Home / Stream/ Sources/ Kafka·Amazon MSK

Amazon MSK

Cribl Stream supports receiving data records from an Amazon Managed Streaming for Apache Kafka (MSK) cluster. This Source automatically detects compressed data in Gzip, Snappy, or LZ4 format.

Type: Pull | TLS Support: YES | Event Breaker Support: No

Kafka uses a binary protocol over TCP. It does not support HTTP proxies, so Cribl Stream must receive events directly from senders. You might need to adjust your firewall rules to allow this traffic.

Configuring Cribl Stream to Receive Data from Kafka Topics

From the top nav, click Manage, then select a Worker Group to configure. Next, you have two options:

In the QuickConnect UI: Click Add Source. From the resulting drawer’s tiles, select [Pull > ] Amazon MSK. Next, click either Add Destination or (if displayed) Select Existing. The resulting drawer will provide the options below.

Or, to configure via the Routing UI, click Data > Sources. From the resulting page’s tiles or left nav, select [Pull > ] Amazon MSK. Next, click New Source to open a New Source modal that provides the options below.

General Settings

Input ID: Enter a unique name to identify this Source definition.

Brokers: List of Kafka brokers to connect to, e.g., kafkaBrokerHost:9092. Specify hostname and port, e.g., mykafkabroker:9092, or just hostname, in which case Stream will assign port 9092.

Topics: Enter the name(s) of topics to subscribe to. Press Enter/Return between multiple entries.

To optimize performance and prevent excessive rebalancing, Cribl recommends subscribing each Kafka Source to only one topic. To subscribe to multiple topics, consider creating a dedicated Kafka Source for each one.

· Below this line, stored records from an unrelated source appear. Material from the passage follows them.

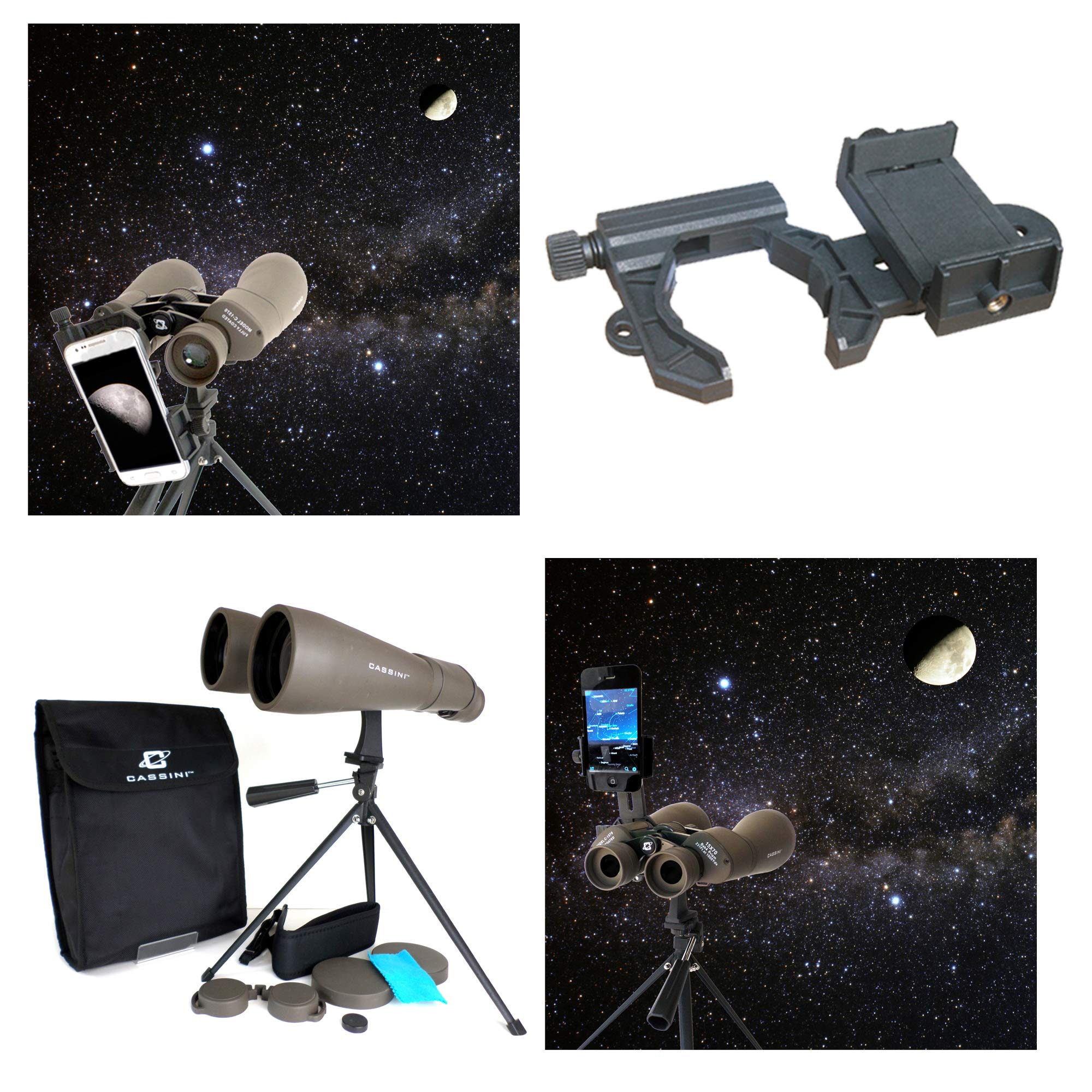 Cassini 15x70mm Astronomy Binoculars with Tripod Stand, Carrying Case & Smartphone Adapter - Perfect for Stargazing, Bird Watching & Long Distance Observation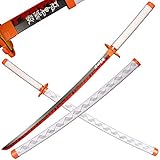 Sword Valley Japanisches Holz-Anime-Schwert-Cosplay, Demon Slayer-Schwert 103 cm-Holzschwert (Rengoku Kyoujurou)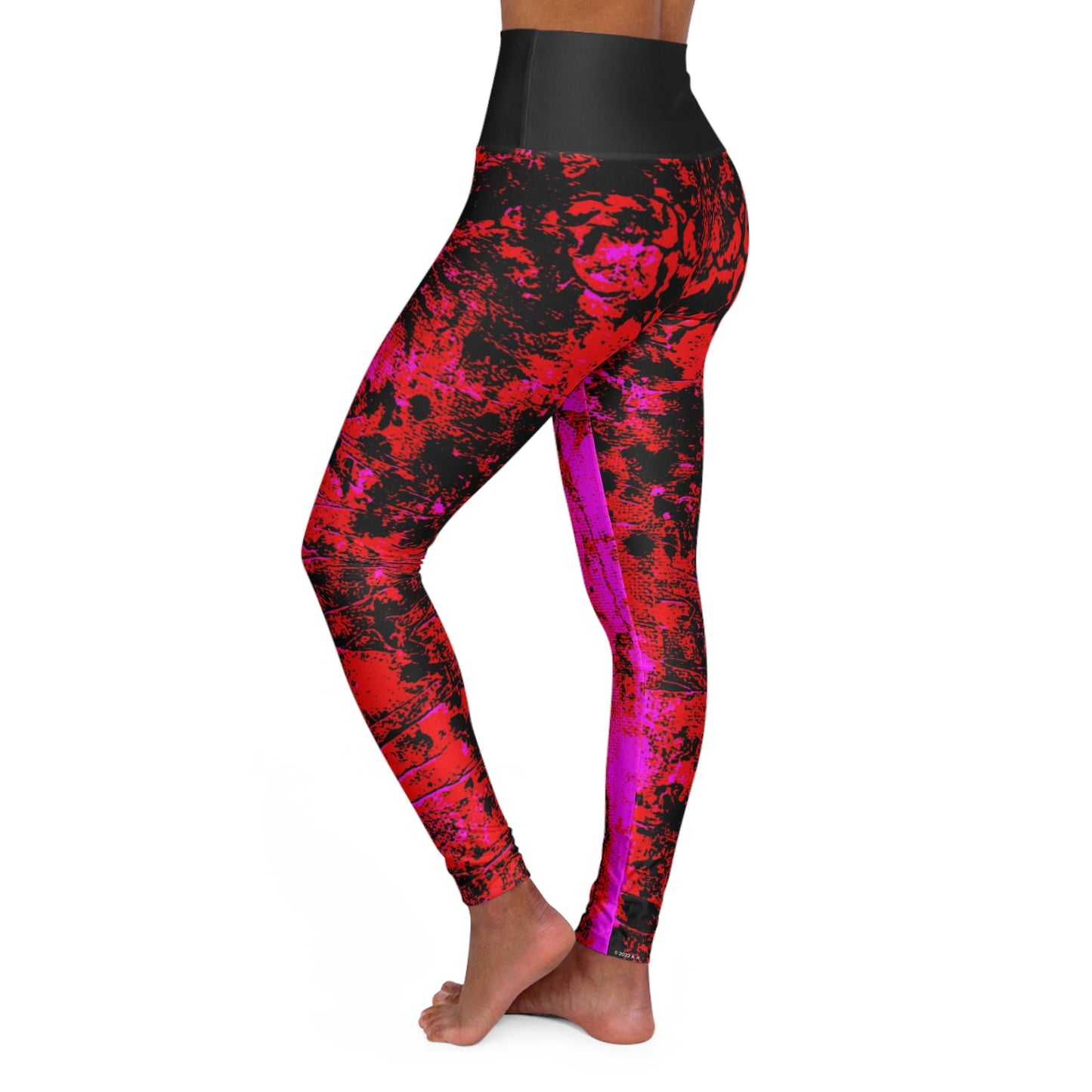 "Mystic Cube" (Cosmic Fusion - Scarlet/Hot Pink) - High Waist Yoga Leggings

For the same reason, the Group ID (below) should be unique for each of your Kafka, Confluent Cloud, and Azure Event Hubs Sources. For details, see Controlling Rebalancing.

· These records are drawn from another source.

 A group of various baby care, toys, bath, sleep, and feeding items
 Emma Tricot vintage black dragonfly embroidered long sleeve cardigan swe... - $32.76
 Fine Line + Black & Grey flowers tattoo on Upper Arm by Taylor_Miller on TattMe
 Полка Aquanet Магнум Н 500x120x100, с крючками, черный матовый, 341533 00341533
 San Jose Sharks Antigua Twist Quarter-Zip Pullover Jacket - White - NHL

Region: Select the name of the AWS Region where your Amazon MSK cluster is located.

Optional Settings

Group ID: The name of the consumer group to which this Cribl Stream instance belongs.

From beginning: Toggle this off if you want Cribl Stream, upon subscribing to a topic for the first time, to read new messages only. Otherwise Cribl Stream will read all messages available on the server, starting from the oldest.

Tags: Optionally, add tags that you can use for filtering and grouping in Cribl Stream. Use a tab or hard return between (arbitrary) tag names.

TLS Settings (Client Side)

For Amazon MSK Sources and Destinations:

  • IAM is the only type of authentication that Cribl Stream supports.
  • Because IAM auth requires TLS, TLS is automatically enabled.

Validate client certs: Toggle on to reject certificates that are not authorized by a CA in the CA certificate path, nor by another trusted CA (e.g., the system’s CA). Defaults to No.

Server name (SNI): Server name for the SNI (Server Name Indication) TLS extension. This must be a host name, not an IP address.

Certificate name: The name of the predefined certificate.

CA certificate path: Path on client containing CA certificates (in PEM format) to use to verify the server’s cert. Path can reference $ENV_VARS.

Private key path (mutual auth): Path on client containing the private key (in PEM format) to use. Path can reference $ENV_VARS. Use only if mutual auth is required.

Certificate path (mutual auth): Path on client containing certificates in (PEM format) to use. Path can reference $ENV_VARS. Use only if mutual auth is required.

Passphrase: Passphrase to use to decrypt private key.

Minimum TLS version: Optionally, select the minimum TLS version to accept from connections.

Maximum TLS version: Optionally, select the maximum TLS version to accept from connections.

Authentication

Use the Authentication Method buttons to select an AWS authentication method.

Auto: This default option uses the AWS instance’s metadata service to automatically obtain short-lived credentials from the IAM role attached to an EC2 instance, local credentials, sidecar, or other source. The attached IAM role grants Cribl Stream Workers access to authorized AWS resources. Can also use the environment variables AWS_ACCESS_KEY_ID and AWS_SECRET_ACCESS_KEY. Works only when running on AWS.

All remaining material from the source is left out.